One of the greatest achievements in Linux over the last few years has been live kernel patching. Nearly every distribution offers their own take on this and now, with the help of Snap, Canonical has finally made it incredibly easy to enable live kernel patching on Ubuntu.

If you've not heard of live kernel patching, the explanation is simple: The ability to modify the running kernel code without having to reboot the system. That's right. Thanks to kernel livepatch your kernel can always be updated without ever having to reboot your system. The main benefit of this system? In a word:

Uptime.

This livepatching system is intended to address high and critical severity Linux kernel security vulnerabilities (as identified by Ubuntu Security Notices and the CVE database). Thanks to an easy to install snap package, you can add live kernel patching to your Ubuntu systems. Let me show you how.

System requirements

Canonical Livepatch Service is available for both the generic and low latency flavors of the 64-bit Intel/AMD kernel on Ubuntu 16.04 LTS (Xenial) servers and desktops.

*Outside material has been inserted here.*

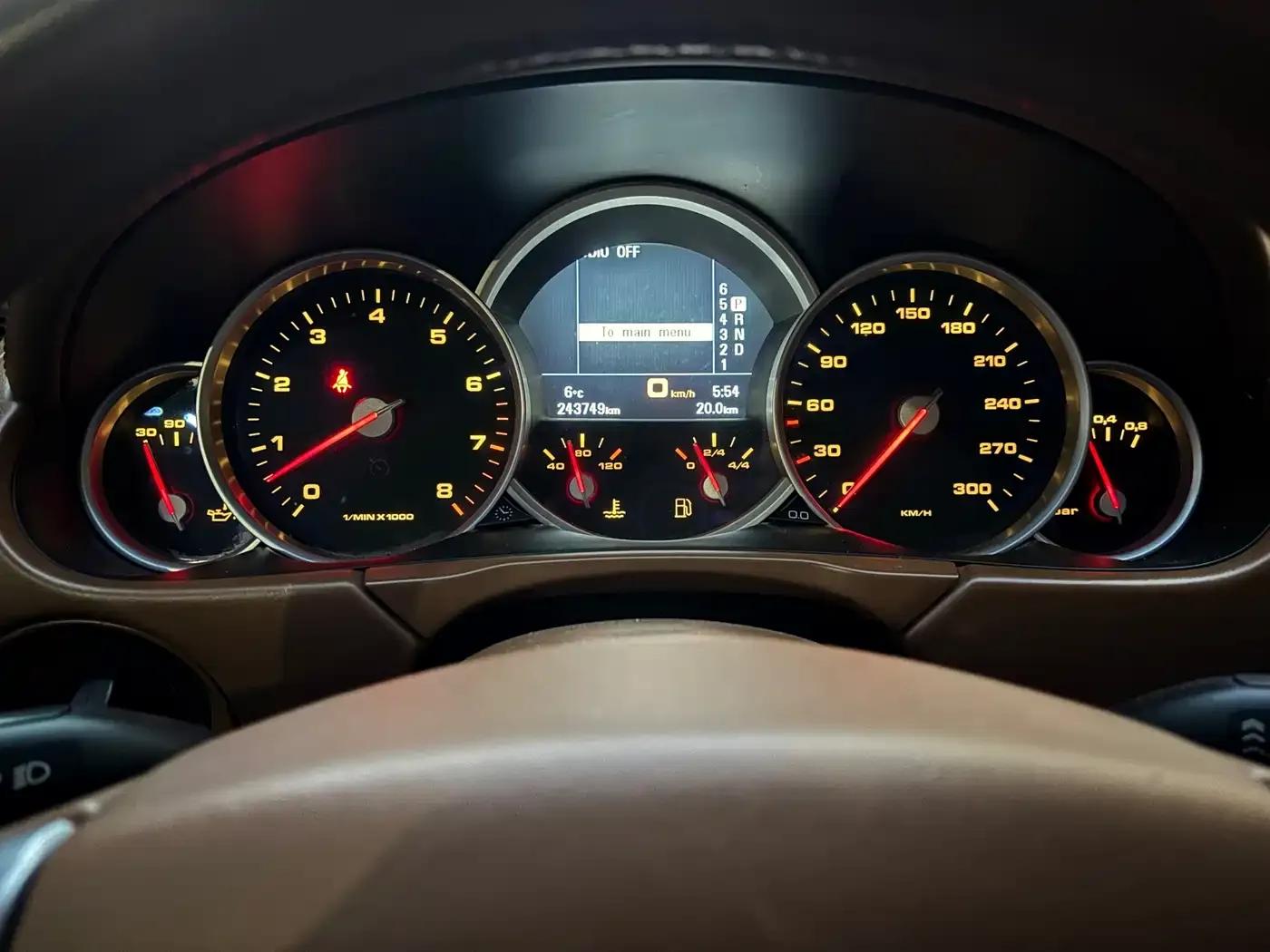 Cayenne 2006 Cayenne Turbo S 4.5T — миниатюра 18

You will also need the latest version of snapd (at least version 2.15).

First things first

Before you do anything with Snap, you must first update your system. If you attempt to enable livepatch prior to updating, it will fail. To take care of this, open up a terminal window and issue the following command:

sudo apt-get upgrade

Next, make sure snapd is updated with the command:

sudo apt-get install snapd

Once your system is fully updated, you're ready to begin.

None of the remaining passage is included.